# Western Flyer Chrome editin



## Bicycle Bill (Jul 4, 2021)

Mid 1960's Wester Flyer. chrome. MOY 902504. Please help with detailed information. Missing tank and headlight, but I love the taillight and rear reflector.


----------



## Archie Sturmer (Jul 4, 2021)

MOY 902504 Western Flyer information please. | Middleweight Bicycles
					

Need information, tank, and headlight. Thanks!




					thecabe.com
				



Why since you asked, "Y" might indicate the year *1965*-Y.

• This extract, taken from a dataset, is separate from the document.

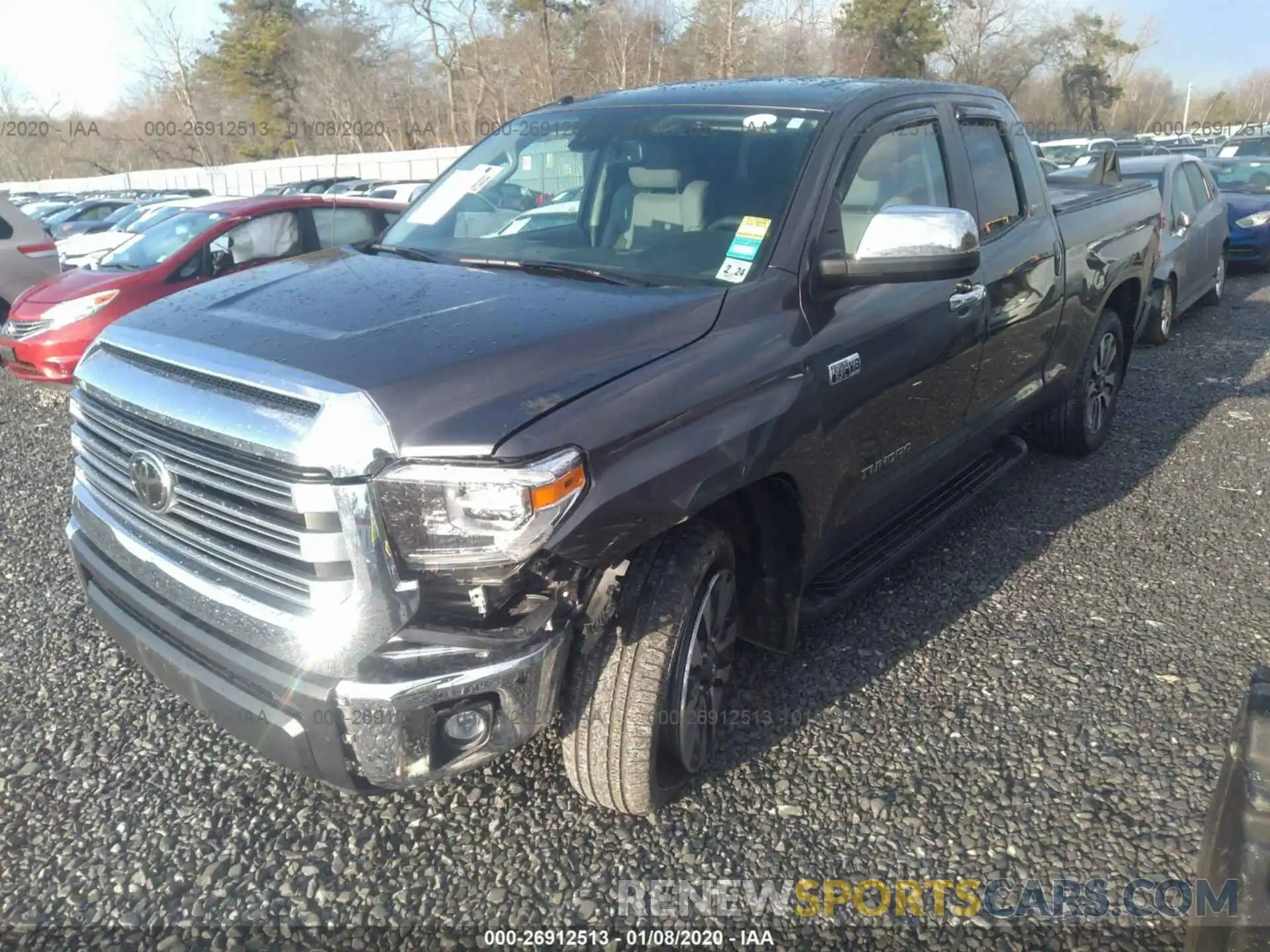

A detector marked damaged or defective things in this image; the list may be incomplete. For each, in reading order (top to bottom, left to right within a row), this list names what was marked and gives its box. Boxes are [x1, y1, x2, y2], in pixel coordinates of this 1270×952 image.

broken headlight [368, 449, 584, 581]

						Murray serial number project. | Classic Balloon Tire Bicycles 1933-1965
					

Needed to do this for a while, so here is what I have figured out so far. There has been many people along the way that has contributed and a few that has helped set me straight. hahaah.   I don't know how far back this goes , but I know that Murray used a single letter to represent the year...




					thecabe.com


----------



## schwinnbikebobb (Jul 4, 2021)

The rear light is mounted wrong.  You hold the black part below the rack and screw the red lens on from above trapping the rack between.


----------



## OZ1972 (Jul 13, 2021)

Sweet i love it !!!!!!


----------



## Adamtinkerer (Jul 17, 2021)

I believe a '65 would be "MO 5" , I'd speculate MO Y  is '64.


----------